RECORDS FOR THIS TASK
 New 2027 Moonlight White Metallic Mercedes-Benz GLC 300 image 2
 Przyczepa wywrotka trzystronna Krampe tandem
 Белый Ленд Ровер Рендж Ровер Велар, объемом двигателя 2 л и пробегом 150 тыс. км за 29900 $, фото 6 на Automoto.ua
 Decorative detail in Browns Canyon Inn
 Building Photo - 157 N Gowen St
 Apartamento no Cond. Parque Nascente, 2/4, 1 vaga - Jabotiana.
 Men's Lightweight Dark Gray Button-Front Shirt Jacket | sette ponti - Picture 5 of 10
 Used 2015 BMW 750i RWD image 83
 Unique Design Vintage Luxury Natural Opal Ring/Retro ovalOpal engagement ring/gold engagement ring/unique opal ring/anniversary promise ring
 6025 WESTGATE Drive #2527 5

WORK TASK
Which lines of the data contain "image"? Copy them all.

WRITTEN SOLUTION
 New 2027 Moonlight White Metallic Mercedes-Benz GLC 300 image 2
 Used 2015 BMW 750i RWD image 83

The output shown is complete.